**TASK GOAL**
Using the listing below, output only the lines from the one that contains "A lone vintage" through the one that contains "Back view of", inclusive, exactly as given and without images.

**EXTRACTED RECORDS**
○ ○ ○
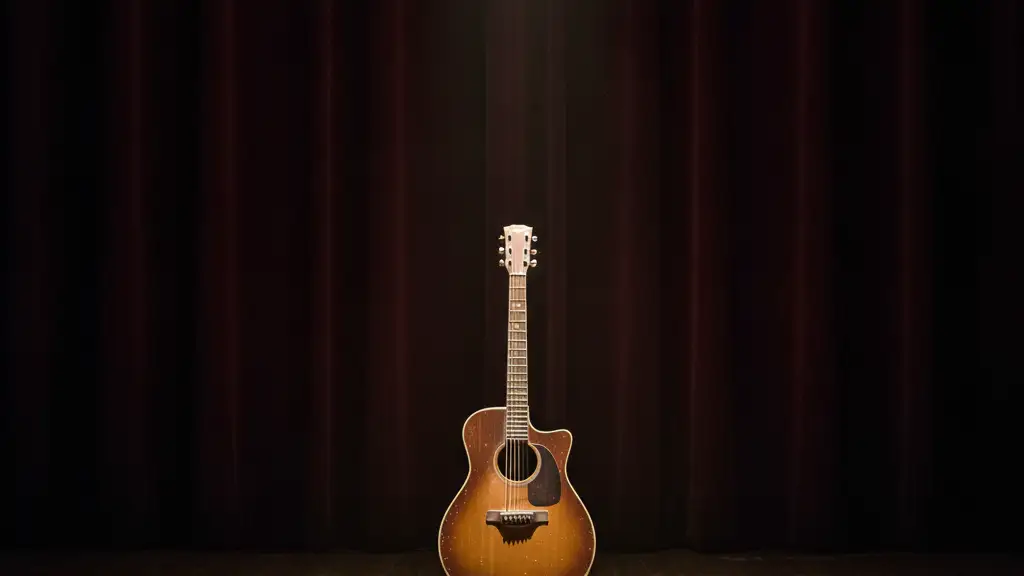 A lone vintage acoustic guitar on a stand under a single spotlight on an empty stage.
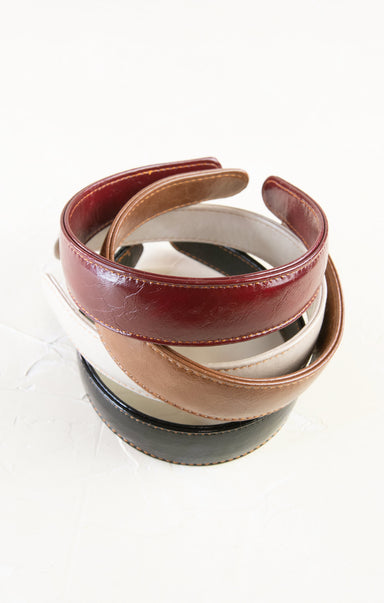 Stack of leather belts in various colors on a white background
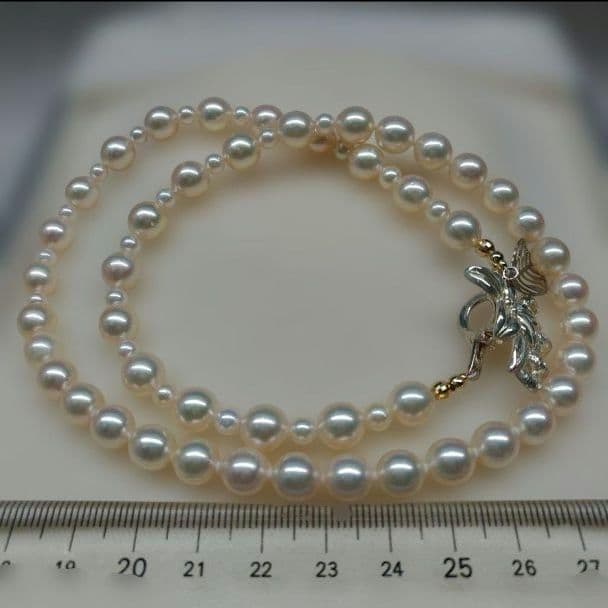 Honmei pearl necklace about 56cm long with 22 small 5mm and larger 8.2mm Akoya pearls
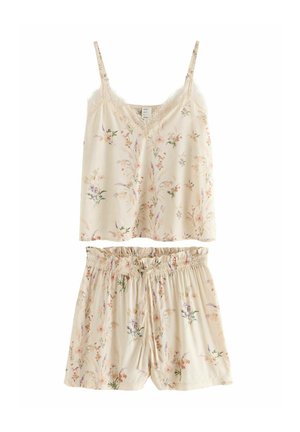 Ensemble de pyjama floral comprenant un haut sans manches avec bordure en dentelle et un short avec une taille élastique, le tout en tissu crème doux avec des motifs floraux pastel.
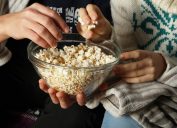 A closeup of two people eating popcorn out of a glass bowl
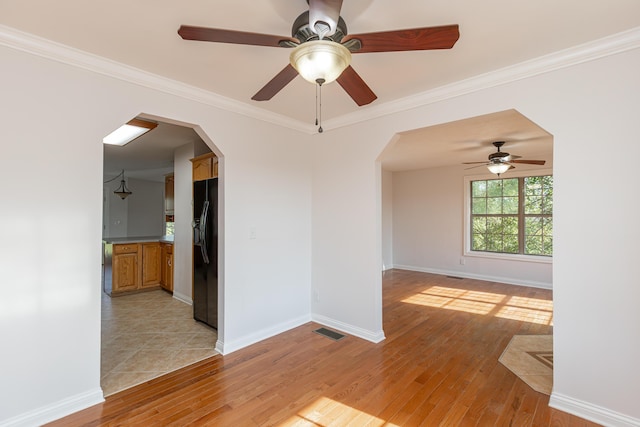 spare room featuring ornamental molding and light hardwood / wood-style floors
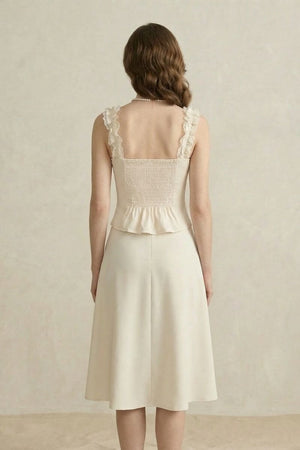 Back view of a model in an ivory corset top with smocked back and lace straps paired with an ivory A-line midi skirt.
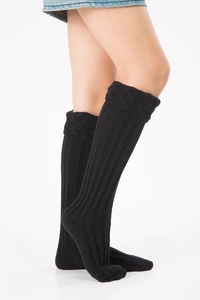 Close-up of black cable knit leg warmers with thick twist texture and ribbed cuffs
○ ○ ○
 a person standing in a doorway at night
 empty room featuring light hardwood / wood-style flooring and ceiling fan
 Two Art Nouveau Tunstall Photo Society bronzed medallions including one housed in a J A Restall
○ ○ ○
**ANSWER SECTION**
 A lone vintage acoustic guitar on a stand under a single spotlight on an empty stage.
 Stack of leather belts in various colors on a white background
 Honmei pearl necklace about 56cm long with 22 small 5mm and larger 8.2mm Akoya pearls
 Ensemble de pyjama floral comprenant un haut sans manches avec bordure en dentelle et un short avec une taille élastique, le tout en tissu crème doux avec des motifs floraux pastel.
 A closeup of two people eating popcorn out of a glass bowl
 spare room featuring ornamental molding and light hardwood / wood-style floors
 Back view of a model in an ivory corset top with smocked back and lace straps paired with an ivory A-line midi skirt.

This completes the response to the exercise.